== Segment start ==

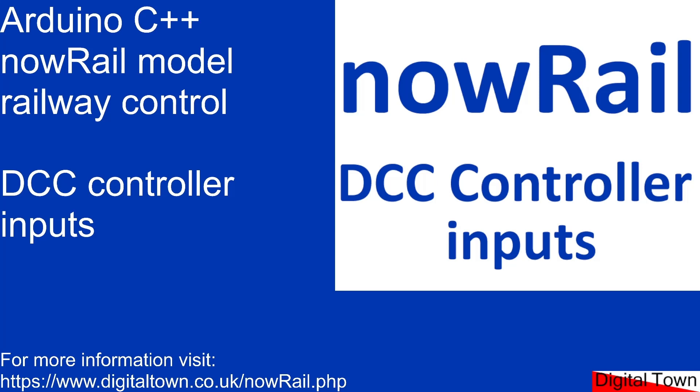Welcome to this next tutorial. Today we're going to be looking at DCC inputs. In the last tutorial I did, I was showing how to send outputs to DCC EX. This time we're going to be looking at the incoming signals.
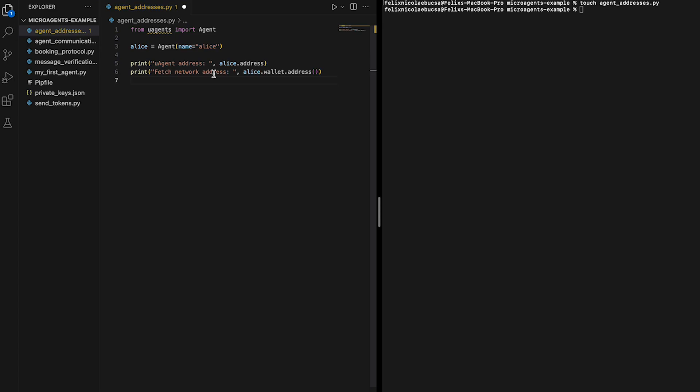Now we are ready to run the script. Make sure you save it and move to your terminal.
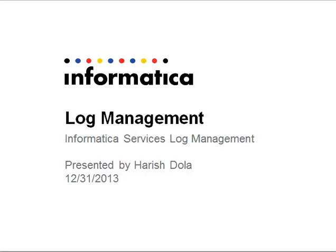Hi, welcome to Informatica. My name is Harish and this is a quick presentation on Informatica log management, which is specific to Informatica services in a specific domain.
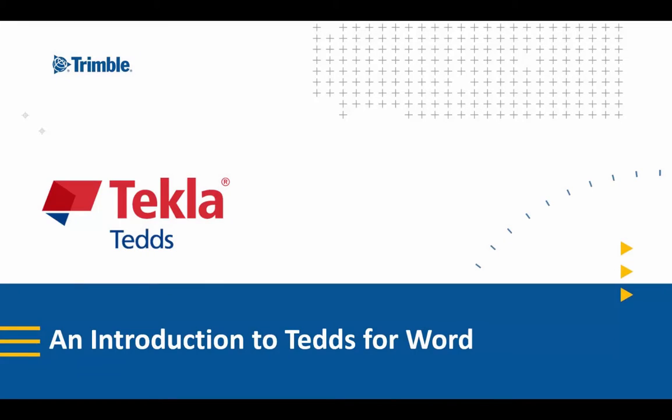In this presentation, we're going to introduce you to TEDS for Word and give you some practical tips on how you can use some of the key features.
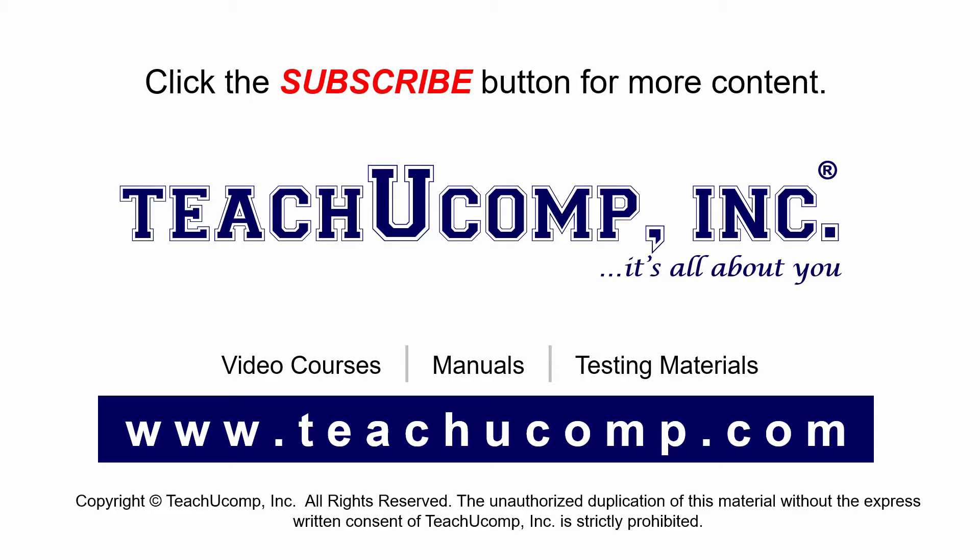If you like our video, click the subscribe button to subscribe to our channel and get easy access to new content. To see our full suite of ad-free video courses and training materials, visit us at teachucomp.com.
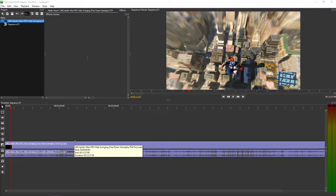Hey everybody, welcome! My name is Markastone and in this video you will learn how we can easily make the freeze frame effect for Olive. So let's start.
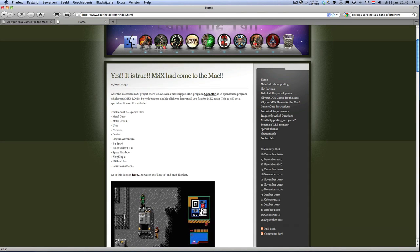Hi, I'm Politol from Politol.com and tonight I'm going to show you that you can play all your MSX games on the Mac with just a simple double click.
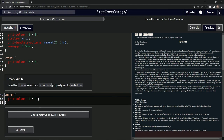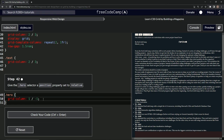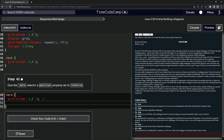We're doing FreeCodeCamp responsive web design — learn CSS grid by building a magazine, step 42. Now we're going to give the hero selector a position property set to relative. I forgot what that actually does, but we'll see in a second.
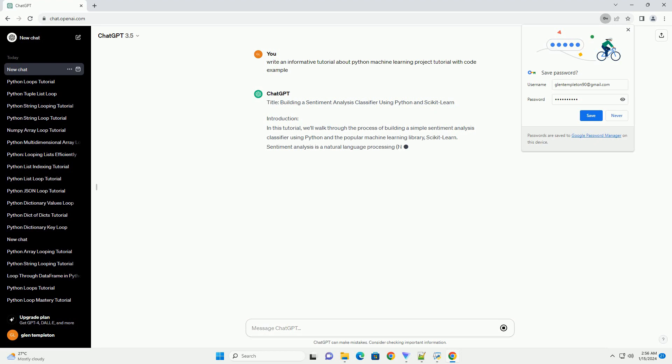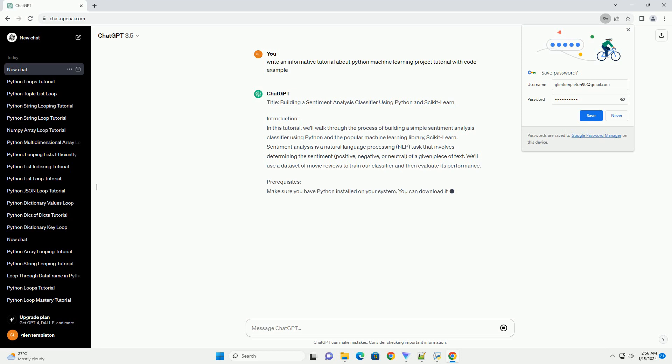Sentiment Analysis is a natural language processing (NLP) task that involves determining the sentiment (positive, negative, or neutral) of a given piece of text. We'll use a dataset of movie reviews to train our classifier and then evaluate its performance.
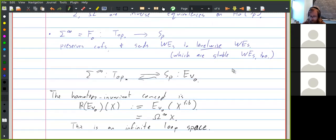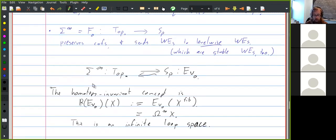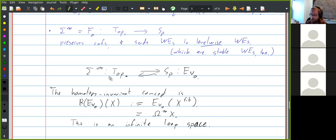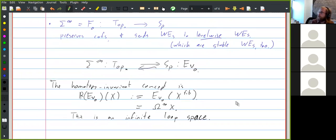Already just from constructing this model structure, we've gotten a few of the nice characteristics we wanted: suspension and loop space are homotopy inverses to each other, and we have the suspension spectrum / infinite loop space adjunction between spaces and spectra. Next time I'll tell you more about Ω^∞ and probably also talk about cofiber sequences and fiber sequences, which are a really useful tool.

== Segment end ==

Problem requirements: All that is needed here is the run of lines from the one containing "Hey everybody, welcome!" through the end of the material above, reproduced exactly and without pictures.

Solution for this exercise:
Hey everybody, welcome! My name is Markastone and in this video you will learn how we can easily make the freeze frame effect for Olive. So let's start.
Hi, I'm Politol from Politol.com and tonight I'm going to show you that you can play all your MSX games on the Mac with just a simple double click.
We're doing FreeCodeCamp responsive web design — learn CSS grid by building a magazine, step 42. Now we're going to give the hero selector a position property set to relative. I forgot what that actually does, but we'll see in a second.
Sentiment Analysis is a natural language processing (NLP) task that involves determining the sentiment (positive, negative, or neutral) of a given piece of text. We'll use a dataset of movie reviews to train our classifier and then evaluate its performance.
Already just from constructing this model structure, we've gotten a few of the nice characteristics we wanted: suspension and loop space are homotopy inverses to each other, and we have the suspension spectrum / infinite loop space adjunction between spaces and spectra. Next time I'll tell you more about Ω^∞ and probably also talk about cofiber sequences and fiber sequences, which are a really useful tool.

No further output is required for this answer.